Sir James Murray, in the New English Dictionary, says that some have conjectured that the word is a foreign, perhaps African, word disguised, and have thought it connected with the name Kaffa, a town in Shoa, southwest Abyssinia, reputed native place of the coffee plant, but that of this there is no evidence, and the name qahwah is not given to the berry or plant, which is called bunn, the native name in Shoa being būn.
Contributing to a symposium on the etymology of the word coffee in Notes and Queries, 1909, James Platt, Jr., said:
The Turkish form might have been written kahvé, as its final h was never sounded at any time. Sir James Murray draws attention to the existence of two European types, one like the Frenchcafé, Italian caffè, the other like the English coffee, Dutch koffie. He explains the vowel o in the second series as apparently representing au, from Turkish ahv. This seems unsupported by evidence, and the v is already represented by the ff, so on Sir James’s assumption coffee must stand for kahv-ve, which is unlikely. The change from a to o, in my opinion, is better accounted for as an imperfect appreciation. The exact sound of ă in Arabic and other Oriental languages is that of the English short u, as in “cuff.” This sound, so easy to us, is a great stumbling-block to other nations. I judge that Dutch koffie and kindred forms are imperfect attempts at the notation of a vowel which the writers could not grasp. It is clear that the French type is more correct. The Germans have corrected their koffee, which they may have got from the Dutch, into kaffee. The Scandinavian languages have adopted the French form. Many must wonder how the hv of the original so persistently becomes ff in the European equivalents. Sir James Murray makes no attempt to solve this problem.

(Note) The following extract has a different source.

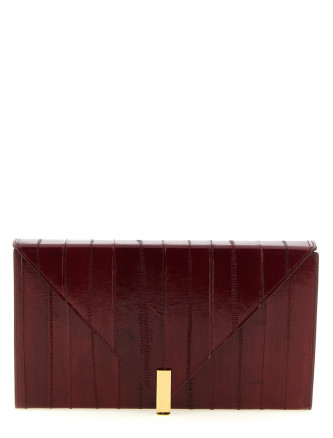 Клатч GIUSEPPE ZANOTTI 'Tuxedo'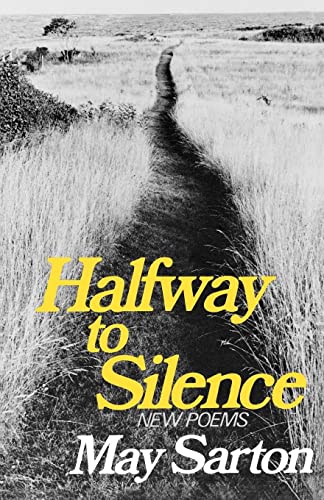 Halfway to Silence: New Poems von W. W. Norton & Company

Virendranath Chattopádhyáya, who also contributed to the Notes and Queries symposium, argued that the hw of the Arabic qahwah becomes sometimes ff and sometimes only f or v in European translations because some languages, such as English, have strong syllabic accents (stresses), while others, as French, have none. Again, he points out that the surd aspirate h is heard in some languages, but is hardly audible in others. Most Europeans tend to leave it out altogether.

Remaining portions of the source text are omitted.